■ EXERCISE DETAILS: Give again, word for word, the lines below that run from the line with "Iron Man - Intégrale, tome 10" through the line with "Presentación Bienal de". Drop the pictures.

■ ENTRIES SHOWN:
-.-.-
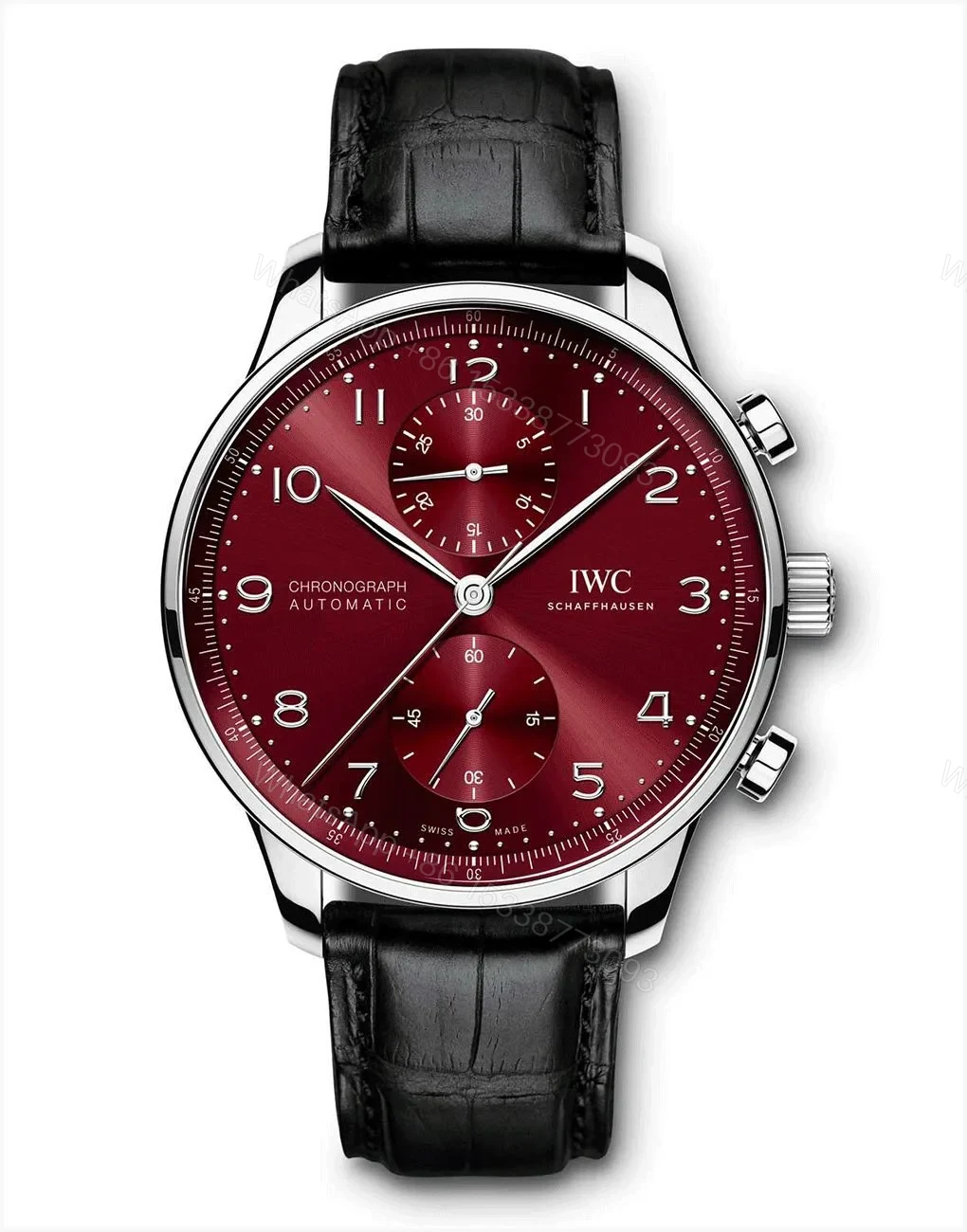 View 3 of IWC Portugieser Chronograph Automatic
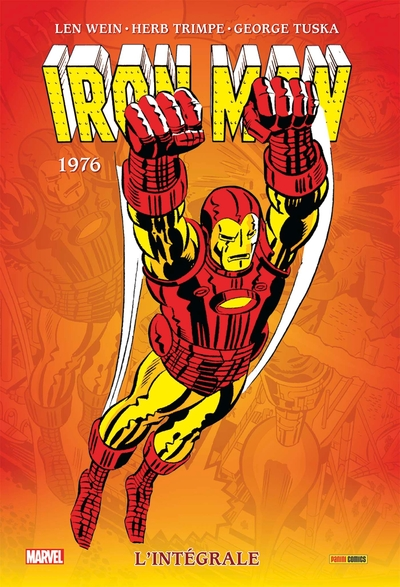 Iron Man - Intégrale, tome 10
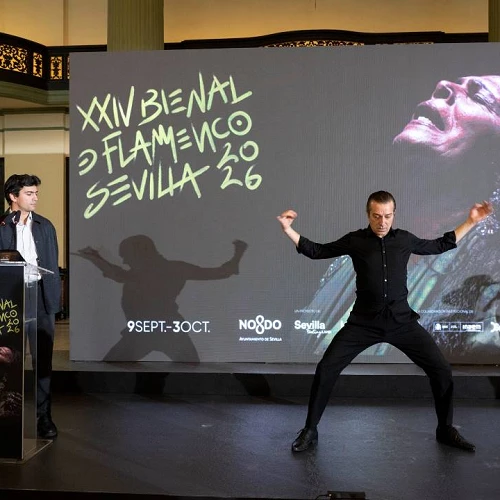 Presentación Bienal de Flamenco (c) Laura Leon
-.-.-
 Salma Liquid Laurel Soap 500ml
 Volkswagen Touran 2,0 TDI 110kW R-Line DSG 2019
-.-.-
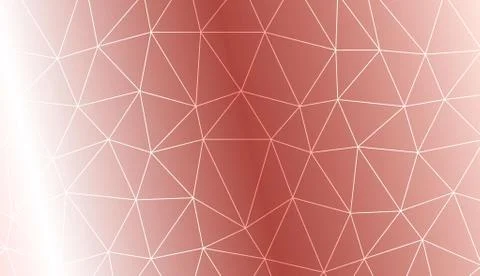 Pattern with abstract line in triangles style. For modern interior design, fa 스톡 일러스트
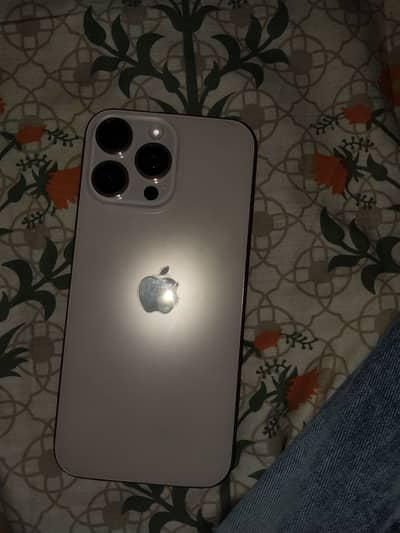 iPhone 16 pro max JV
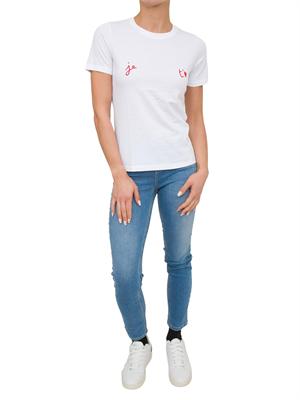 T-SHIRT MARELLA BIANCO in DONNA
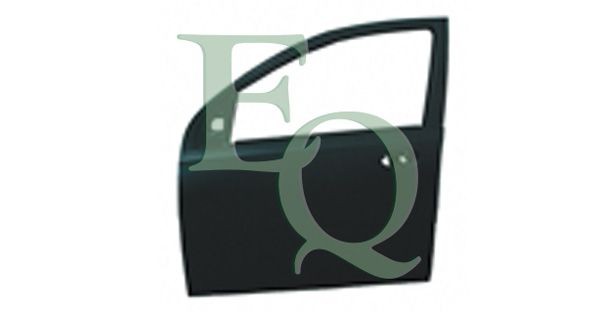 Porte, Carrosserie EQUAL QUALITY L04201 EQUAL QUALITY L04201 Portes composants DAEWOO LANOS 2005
-.-.-
■ REPLY TO THE TASK:
 Iron Man - Intégrale, tome 10
 Presentación Bienal de Flamenco (c) Laura Leon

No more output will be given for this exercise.